# Looking to see who is in Arkansas



## 1963 Falcon Hardtop (Dec 27, 2010)

Hi everyone!

Just joined up and have been looking around. Am working on setting up my first vivarium. I will post some pictures as it comes together.

Lots of great information to be had here. And I have been using the search to find a ton of it. One thing I have not seen is many people from Arkansas. I see a pretty good group in Oklahoma. How many people are there in central Arkansas?

Does anyone know of any breeders or stores that handle dart frog related supplies in the Arkansas area. I do plan on making the St Louis herp show sometime in 2011. It has been many years since I was there. Looking forward to going back.

Thanks for the forum and looking to making some friends here.

Bo


----------



## 1963 Falcon Hardtop (Dec 27, 2010)

WOW..... No one even wants to say....

"Hi" 

"Welcome to the forum" 

Nothing????????

I understand no one in arkansas, but not even a hi to a new member. 

WOW!!!

Bo


----------



## Dendro Dave (Aug 2, 2005)

Welcome! ...Not in Arkansas but my parents live in Bella Vista so I make trips over to see them and fish a few times a year.


----------



## 1963 Falcon Hardtop (Dec 27, 2010)

Dave,
Nice to hear from you. I have seen your name here often. Would love to get to know you better. Maybe meet up sometime. I't's not but 3hrs or so from here to Bella Vista. Maybe I could get some pointers from you.

Thanks for the replay!

Bo


----------



## Quaz (Nov 13, 2005)

Hi, Welcome to the forum. 

I'm not aware of anyone near you but I make trips out to Rogers and go camping at Bull Shoals on occasion.

What kind of frogs are you getting? How far away are you to Tulsa?

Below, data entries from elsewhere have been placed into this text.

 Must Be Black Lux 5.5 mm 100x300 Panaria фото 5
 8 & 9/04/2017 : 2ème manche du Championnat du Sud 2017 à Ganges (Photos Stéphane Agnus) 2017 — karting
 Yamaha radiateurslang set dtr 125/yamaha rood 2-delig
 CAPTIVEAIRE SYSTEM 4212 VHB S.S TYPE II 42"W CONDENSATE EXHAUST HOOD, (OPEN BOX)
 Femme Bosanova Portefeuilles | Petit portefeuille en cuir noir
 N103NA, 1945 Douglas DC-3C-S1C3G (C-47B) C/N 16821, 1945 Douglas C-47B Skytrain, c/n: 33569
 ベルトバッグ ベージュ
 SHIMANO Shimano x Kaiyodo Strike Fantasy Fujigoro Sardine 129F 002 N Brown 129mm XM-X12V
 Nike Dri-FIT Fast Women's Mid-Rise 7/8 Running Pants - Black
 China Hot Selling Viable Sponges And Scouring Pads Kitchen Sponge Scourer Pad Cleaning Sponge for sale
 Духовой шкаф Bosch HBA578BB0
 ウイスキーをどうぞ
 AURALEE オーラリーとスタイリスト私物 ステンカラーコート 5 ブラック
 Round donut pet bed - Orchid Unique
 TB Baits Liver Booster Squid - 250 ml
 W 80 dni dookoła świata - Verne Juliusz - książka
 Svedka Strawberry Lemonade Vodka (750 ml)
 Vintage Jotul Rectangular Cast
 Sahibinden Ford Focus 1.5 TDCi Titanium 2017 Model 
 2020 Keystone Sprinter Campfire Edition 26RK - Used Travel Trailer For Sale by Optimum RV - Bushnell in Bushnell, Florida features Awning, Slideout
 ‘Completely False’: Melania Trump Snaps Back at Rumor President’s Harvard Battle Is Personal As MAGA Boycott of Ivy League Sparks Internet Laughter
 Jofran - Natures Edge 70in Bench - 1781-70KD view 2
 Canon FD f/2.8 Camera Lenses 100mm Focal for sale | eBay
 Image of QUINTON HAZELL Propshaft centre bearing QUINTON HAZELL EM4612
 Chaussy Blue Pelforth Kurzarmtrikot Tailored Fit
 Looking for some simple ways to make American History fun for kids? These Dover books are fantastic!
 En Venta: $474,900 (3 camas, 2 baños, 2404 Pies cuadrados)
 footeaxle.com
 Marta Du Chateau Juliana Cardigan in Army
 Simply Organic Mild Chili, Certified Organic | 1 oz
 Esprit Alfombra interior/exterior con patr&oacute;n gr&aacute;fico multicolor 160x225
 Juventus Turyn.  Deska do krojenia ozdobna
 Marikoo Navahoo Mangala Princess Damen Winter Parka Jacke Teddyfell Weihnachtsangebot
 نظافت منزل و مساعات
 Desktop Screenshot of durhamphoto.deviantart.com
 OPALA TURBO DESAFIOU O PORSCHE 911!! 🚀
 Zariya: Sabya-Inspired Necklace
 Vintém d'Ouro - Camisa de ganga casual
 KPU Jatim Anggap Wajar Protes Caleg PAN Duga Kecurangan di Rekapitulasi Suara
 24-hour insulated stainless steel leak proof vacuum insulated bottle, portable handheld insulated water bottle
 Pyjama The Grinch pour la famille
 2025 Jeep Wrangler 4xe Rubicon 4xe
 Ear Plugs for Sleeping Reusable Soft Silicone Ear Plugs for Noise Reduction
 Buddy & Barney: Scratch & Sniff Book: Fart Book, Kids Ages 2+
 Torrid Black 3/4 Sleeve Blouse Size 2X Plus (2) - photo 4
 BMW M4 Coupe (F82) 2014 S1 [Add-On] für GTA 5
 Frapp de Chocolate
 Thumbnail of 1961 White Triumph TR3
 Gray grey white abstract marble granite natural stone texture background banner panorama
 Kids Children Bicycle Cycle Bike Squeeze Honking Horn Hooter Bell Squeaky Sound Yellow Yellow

You can join the Oklahoma group in the networking section of the user cp. We should probably get a group that incompasses Arkansas, Mo, Ok, Tx, & Ks. We could get some pretty good frog meets and buy, sell, trade stuff and share some good information.


----------



## 1963 Falcon Hardtop (Dec 27, 2010)

I have not made up my mind what species I am going to get yet. I will for sure be looking for an easy starter frog. I do not want to get in over my head to start. I have been looking at some Dendrobates azureus & tinctorius maybe. Still in the planning and construction of my viv so I have time to make up my mind.

I have never been to Tulsa, but it is about 275 miles from here to there. That sounds like a good idea about a regional group get together.

Bo


----------